Ollama (install models, start server, verify)
Strengths: automatic model management (pull/list/run) and lightweight ops.
# 1) Start (skip if already running)
ollama serve

# 2) Pull models (examples)
ollama pull llama3.2:3b
ollama pull mistral:7b
ollama pull mixtral:8x7b
ollama pull deepseek-coder:6.7b
ollama pull phi3.5:3.8b

# 3) Confirm installation
ollama list

# 4) Verify API
curl http://localhost:11434/api/version
curl http://localhost:11434/api/tags
Large models (70B / 8x7B) depend heavily on GPU VRAM and system RAM. Start small (3B–7B), verify the pipeline, then scale up.
LM Studio (install models, start server, verify)
Strengths: GUI model management, GPU acceleration, and an OpenAI-compatible API (/v1).
# 1) (GUI) Download a model (e.g., gpt-oss-120b / gpt-oss-20b)
# 2) (GUI) Start Local Server in "OpenAI Compatible" mode (default: http://localhost:1234/v1)

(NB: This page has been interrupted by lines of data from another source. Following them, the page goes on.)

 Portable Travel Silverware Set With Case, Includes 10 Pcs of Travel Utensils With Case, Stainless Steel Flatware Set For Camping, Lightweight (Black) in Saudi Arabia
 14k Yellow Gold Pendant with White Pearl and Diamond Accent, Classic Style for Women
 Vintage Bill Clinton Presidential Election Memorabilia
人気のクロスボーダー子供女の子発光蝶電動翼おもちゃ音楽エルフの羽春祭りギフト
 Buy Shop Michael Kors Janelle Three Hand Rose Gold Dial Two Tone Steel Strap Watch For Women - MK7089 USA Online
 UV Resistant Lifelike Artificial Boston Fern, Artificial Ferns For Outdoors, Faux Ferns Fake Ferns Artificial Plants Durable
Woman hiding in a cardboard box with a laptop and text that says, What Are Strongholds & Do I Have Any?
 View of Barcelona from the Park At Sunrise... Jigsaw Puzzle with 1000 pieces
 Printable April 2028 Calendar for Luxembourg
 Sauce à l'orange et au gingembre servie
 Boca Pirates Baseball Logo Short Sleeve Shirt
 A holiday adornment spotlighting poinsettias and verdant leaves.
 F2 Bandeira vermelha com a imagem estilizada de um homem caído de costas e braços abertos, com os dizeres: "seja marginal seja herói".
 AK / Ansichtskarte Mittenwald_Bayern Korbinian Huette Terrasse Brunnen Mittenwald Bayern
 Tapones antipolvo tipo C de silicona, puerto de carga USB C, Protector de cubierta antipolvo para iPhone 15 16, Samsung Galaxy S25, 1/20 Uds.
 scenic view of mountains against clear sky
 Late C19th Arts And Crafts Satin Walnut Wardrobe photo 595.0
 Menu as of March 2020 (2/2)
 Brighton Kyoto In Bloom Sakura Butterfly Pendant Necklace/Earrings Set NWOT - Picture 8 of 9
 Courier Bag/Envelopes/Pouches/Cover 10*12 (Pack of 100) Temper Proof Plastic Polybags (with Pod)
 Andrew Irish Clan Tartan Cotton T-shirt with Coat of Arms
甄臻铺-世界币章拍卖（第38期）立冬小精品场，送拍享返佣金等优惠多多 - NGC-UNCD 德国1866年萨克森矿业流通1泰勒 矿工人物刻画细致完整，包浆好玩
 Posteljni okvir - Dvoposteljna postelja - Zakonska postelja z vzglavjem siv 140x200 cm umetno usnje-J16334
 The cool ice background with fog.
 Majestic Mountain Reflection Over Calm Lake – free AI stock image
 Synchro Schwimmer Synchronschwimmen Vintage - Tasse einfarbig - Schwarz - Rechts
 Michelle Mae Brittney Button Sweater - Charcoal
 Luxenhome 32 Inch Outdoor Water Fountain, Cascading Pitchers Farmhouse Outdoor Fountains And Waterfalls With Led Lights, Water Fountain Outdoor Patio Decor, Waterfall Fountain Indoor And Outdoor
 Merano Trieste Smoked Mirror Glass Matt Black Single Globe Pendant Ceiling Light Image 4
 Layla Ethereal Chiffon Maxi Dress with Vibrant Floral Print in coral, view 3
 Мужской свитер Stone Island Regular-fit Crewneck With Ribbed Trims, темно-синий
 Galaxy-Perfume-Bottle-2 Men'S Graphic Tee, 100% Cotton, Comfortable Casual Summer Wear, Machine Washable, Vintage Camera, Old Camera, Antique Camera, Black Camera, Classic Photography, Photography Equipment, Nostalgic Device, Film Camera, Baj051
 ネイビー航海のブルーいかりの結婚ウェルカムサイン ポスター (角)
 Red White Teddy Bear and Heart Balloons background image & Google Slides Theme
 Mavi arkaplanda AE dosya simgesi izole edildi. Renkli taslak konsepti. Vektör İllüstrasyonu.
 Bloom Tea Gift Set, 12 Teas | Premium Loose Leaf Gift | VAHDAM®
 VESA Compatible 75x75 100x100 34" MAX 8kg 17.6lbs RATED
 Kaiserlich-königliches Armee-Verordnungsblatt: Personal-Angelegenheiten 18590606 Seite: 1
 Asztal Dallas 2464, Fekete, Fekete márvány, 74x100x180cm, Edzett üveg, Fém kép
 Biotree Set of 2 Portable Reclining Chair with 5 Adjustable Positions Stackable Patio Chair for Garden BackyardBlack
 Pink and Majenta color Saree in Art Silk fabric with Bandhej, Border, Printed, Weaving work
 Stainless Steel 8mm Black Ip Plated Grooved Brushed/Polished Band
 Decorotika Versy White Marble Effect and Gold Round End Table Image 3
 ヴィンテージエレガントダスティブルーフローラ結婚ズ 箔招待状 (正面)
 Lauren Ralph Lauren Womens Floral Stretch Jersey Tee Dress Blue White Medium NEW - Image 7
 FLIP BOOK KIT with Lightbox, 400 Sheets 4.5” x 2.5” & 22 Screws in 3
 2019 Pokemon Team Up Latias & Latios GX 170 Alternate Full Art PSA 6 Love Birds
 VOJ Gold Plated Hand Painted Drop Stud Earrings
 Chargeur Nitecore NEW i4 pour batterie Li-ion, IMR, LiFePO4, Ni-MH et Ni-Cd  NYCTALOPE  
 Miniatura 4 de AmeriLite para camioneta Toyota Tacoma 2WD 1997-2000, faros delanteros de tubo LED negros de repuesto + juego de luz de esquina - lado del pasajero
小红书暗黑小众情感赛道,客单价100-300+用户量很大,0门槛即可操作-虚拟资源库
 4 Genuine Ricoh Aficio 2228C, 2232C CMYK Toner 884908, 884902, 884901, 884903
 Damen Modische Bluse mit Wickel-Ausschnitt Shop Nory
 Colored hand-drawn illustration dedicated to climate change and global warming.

# If you have the CLI (lms)
lms ls
lms server start

# Verify
curl http://localhost:1234/v1/models
curl http://localhost:1234/v1/chat/completions \
  -H "Content-Type: application/json" \
  -H "Authorization: Bearer lm-studio" \
  -d '{"model":"gpt-oss-20b","messages":[{"role":"user","content":"ping"}],"stream":false}'
vLLM (high-throughput, production-oriented)
Strengths: high-throughput serving / Tensor parallelism / Continuous batching / PagedAttention / Production-ready
# Example: start an OpenAI-compatible server (follow vLLM's setup guide for dependencies)
python -m vllm.entrypoints.openai.api_server \
  --model mistralai/Mistral-7B-Instruct-v0.2 \
  --host 0.0.0.0 \
  --port 8000

# Verify
curl http://localhost:8000/v1/models
curl http://localhost:8000/v1/chat/completions \
  -H "Content-Type: application/json" \
  -d '{"model":"mistralai/Mistral-7B-Instruct-v0.2","messages":[{"role":"user","content":"ping"}],"stream":false}'
MARIA uses VLLM_API_BASE (recommended) or VLLM_API_URL (compat) to locate the endpoint.
Use from MARIA (fastest path)
1) Set the `*_API_BASE` variables in `.env.local` or your shell environment
2) Explicitly pass provider/model per command for deterministic routing
# Example: run with LM Studio explicitly
maria /ceo --provider lmstudio --model gpt-oss-20b "Summarize the requirements"

# Example: run with Ollama explicitly
maria /ceo --provider ollama --model llama3.2:3b "Summarize the requirements"
If the local inference server is down, MARIA may attempt auto-detection/auto-start depending on the environment. For production ops, explicit env is recommended.